Le système de gestion de la qualité requis est la norme ISO 13485:2016, qui exige une validation complète du processus de marquage selon une approche IQ/OQ/PQ (qualification de l’installation, qualification opérationnelle, qualification des performances). Toute variation des paramètres du laser doit être justifiée et documentée. Le processus doit être répétable et reproductible avec un Cpk ≥ 1,33 sur les caractéristiques critiques – degré de lisibilité du code, rugosité de la surface dans la zone marquée, absence d’altérations métallographiques.
Les limites des technologies pré-laser
Avant que le marquage au laser ne devienne accessible, même pour les petites et moyennes séries, les fabricants de produits dentaires avaient essentiellement deux solutions : la gravure mécanique à l’aide de pantographes ou d’outils diamantés, et la tampographie avec des encres spéciales. Toutes deux présentent des criticités structurelles qui deviennent insoutenables avec les exigences du MDR.
Le mordançage mécanique introduit des contraintes de surface par déformation plastique : sur le titane de grade 4 ou 23 (Ti-6Al-4V ELI), cela peut provoquer des microfissures près du marquage, créant des sites de déclenchement pour la corrosion par crevasses dans l’environnement buccal.

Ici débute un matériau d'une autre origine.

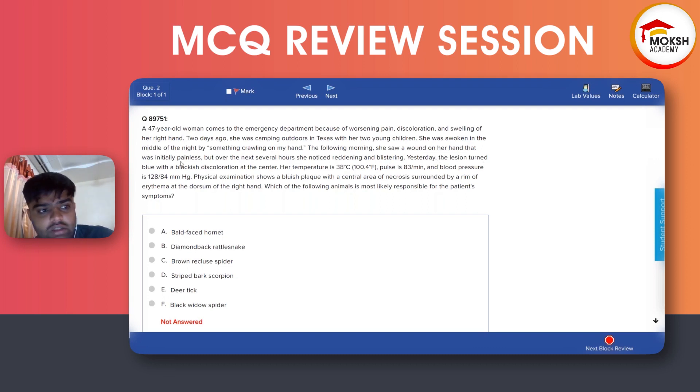Yesterday the lesion turned blue with a blackish discoloration in the center. Temperature is 38, pulse is 83, blood pressure is 120 over 84. Physical examination shows a blue-black plaque with a central area of necrosis surrounded by a rim of erythema at the dorsal surface of the right hand. Which of the following animals is most likely responsible?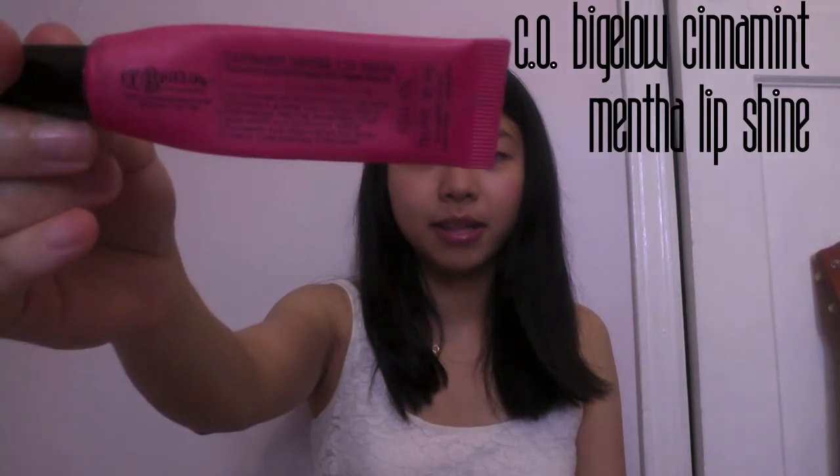The last product is C.O. Bigelow Lip Gloss from Bath & Body Works, in the Cinnamon Mentha Lip Shine. It's minty, I like that tingly feeling and I like the scent. It's a gloss and it moisturizes. This particular scent in cinnamon has mint oil, cinnamon oil, and petroleum. I actually read that petroleum, especially in lotions and lip balms, is the factor that makes your lips or hands become addicted to it.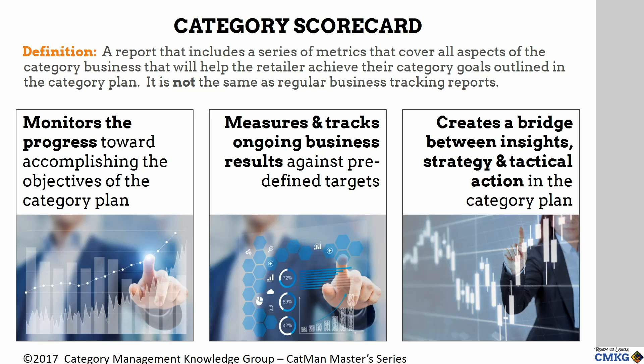I can't reiterate the importance of having a well-balanced scorecard enough. It bridges the gap between the opportunities identified and the strategy and execution of the plan.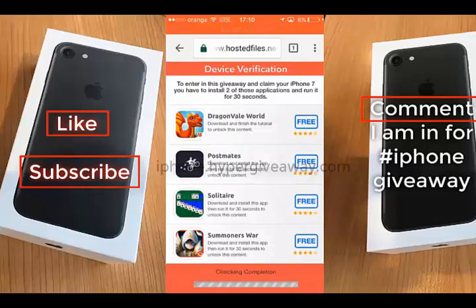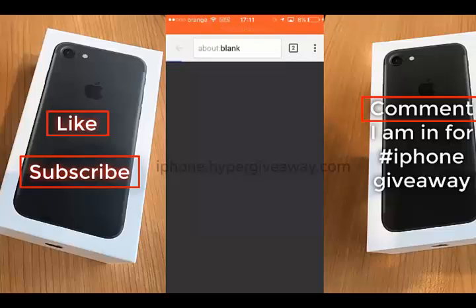And you have to verify your device. You have to install two of these applications and run them for 30 seconds. I will edit this video to be much faster.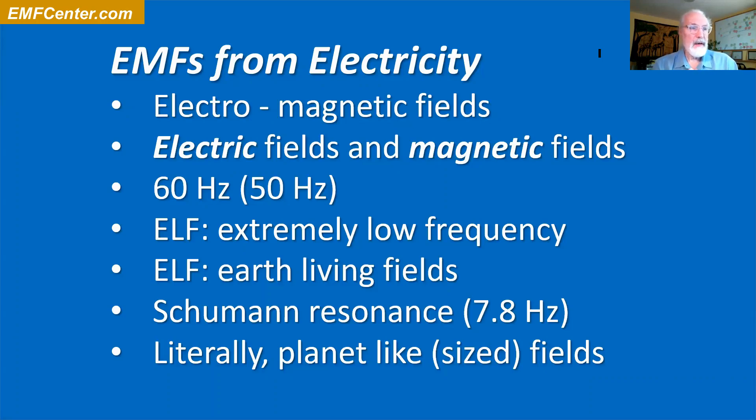What's interesting about these particular EMFs is they are literally planet-sized fields. The wavelength — from the crest of one wave to the crest of another, like waves at the beach — for the waves the earth emits, they're the size of the planet: basically thousands of miles long. That's also why the military sometimes uses these fields for communication, because they're very hard to block and can send signals through to the other side of the planet.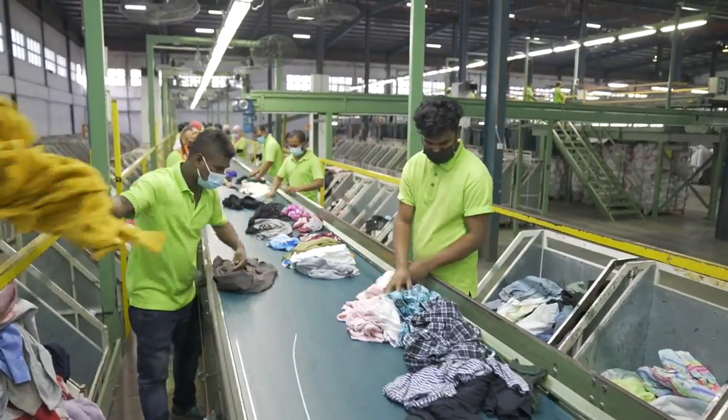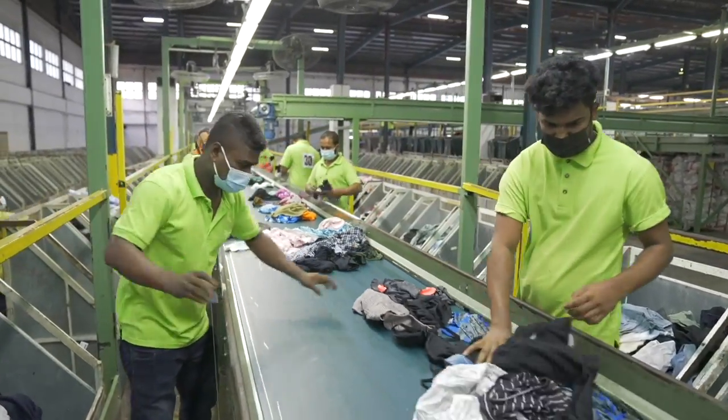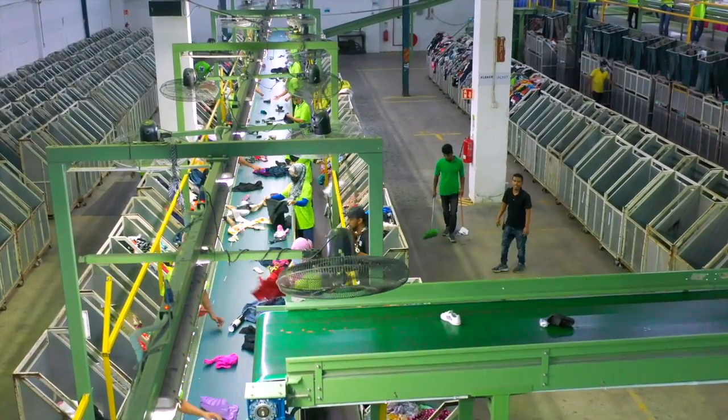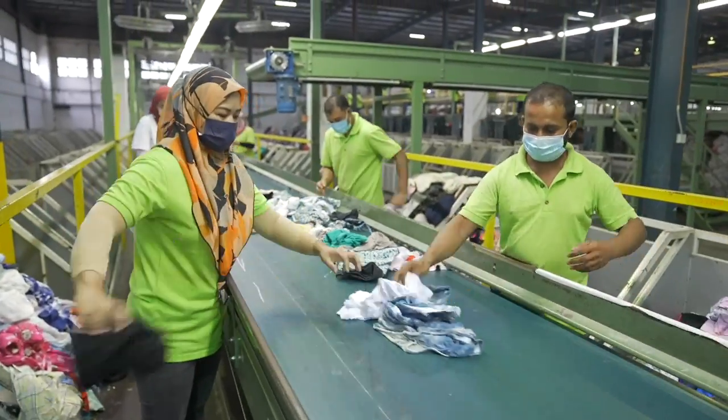Once the items hit the conveyor, we have a highly skilled team of sorters who each identify specific items by their type and place them in their trolleys, ready for their next stage of processing.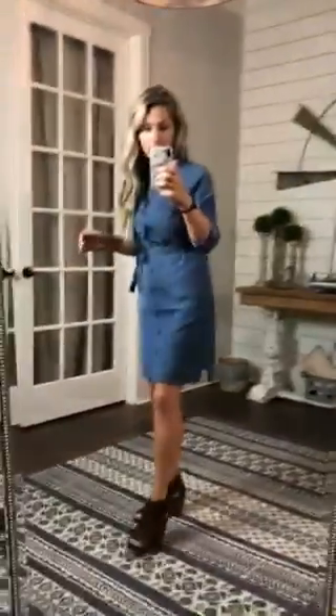It's a great color. It's lightweight, it does have pockets, and buttons all the way top to bottom. Super comfortable — very, very cute piece.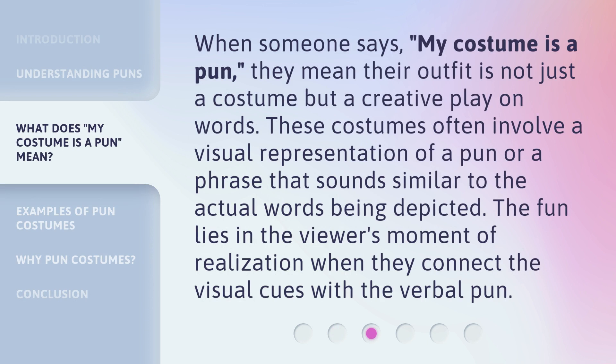When someone says, "my costume is a pun," they mean their outfit is not just a costume but a creative play on words. These costumes often involve a visual representation of a pun or a phrase that sounds similar to the actual words being depicted. The fun lies in the viewer's moment of realization when they connect the visual cues with the verbal pun.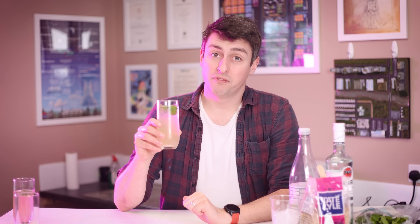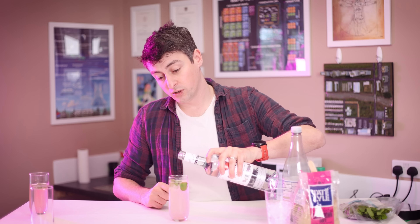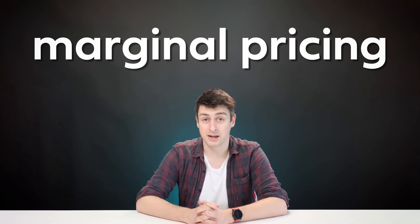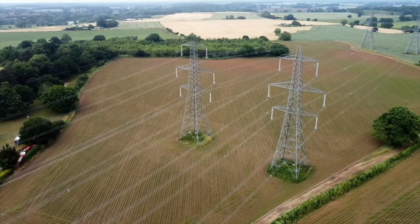Now this is 275ml of drink, and you are charged the price per milliliter of rum — the most expensive ingredient — multiplied by the total volume of the drink. So this costs £4.68, regardless of whether there is 75ml of rum in there or if there's just a single drop. This is called marginal pricing, and it's how the wholesale price of electricity in Britain is calculated.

La rugosité induite (typiquement Ra > 0,4 µm dans la zone gravée) favorise la colonisation bactérienne qui, sur les surfaces implantaires péri-crestales, est un facteur de risque critique pour la péri-implantite. La tampographie, en revanche, n’est pas du tout autorisée pour les marquages permanents sur les dispositifs réutilisables : les encres ne résistent pas aux cycles de stérilisation à la vapeur saturée à 134°C/3 bars et les réglementations interdisent explicitement les colorants ou les pigments non biocompatibles en contact avec les tissus.
Marquage laser pour les dispositifs médicaux dentaires : mécanisme physique et avantages clés
Le laser agit sur le métal par un mécanisme d’interaction photon-réseau cristallin bien distinct de l’enlèvement mécanique. L’énergie du faisceau est absorbée par les électrons de conduction du métal et transférée au réseau dans des temps de l’ordre de la picoseconde (pour les sources pulsées nanosecondes) ou de la femtoseconde (pour les sources ultra-courtes). Le résultat dépend de la fluence appliquée : en dessous du seuil d’ablation, le matériau subit une modification oxydative de la surface – un phénomène qui, sur le titane, produit le noircissement caractéristique par la formation d’une couche de TiO₂ d’épaisseur contrôlable entre 20 et 200 nm. Cet oxyde n’est pas un contaminant : il est chimiquement identique à la couche passive qui rend le titane biocompatible, mais avec une épaisseur optimisée pour l’absorption visuelle qui génère le contraste optique nécessaire à la lecture du DataMatrix.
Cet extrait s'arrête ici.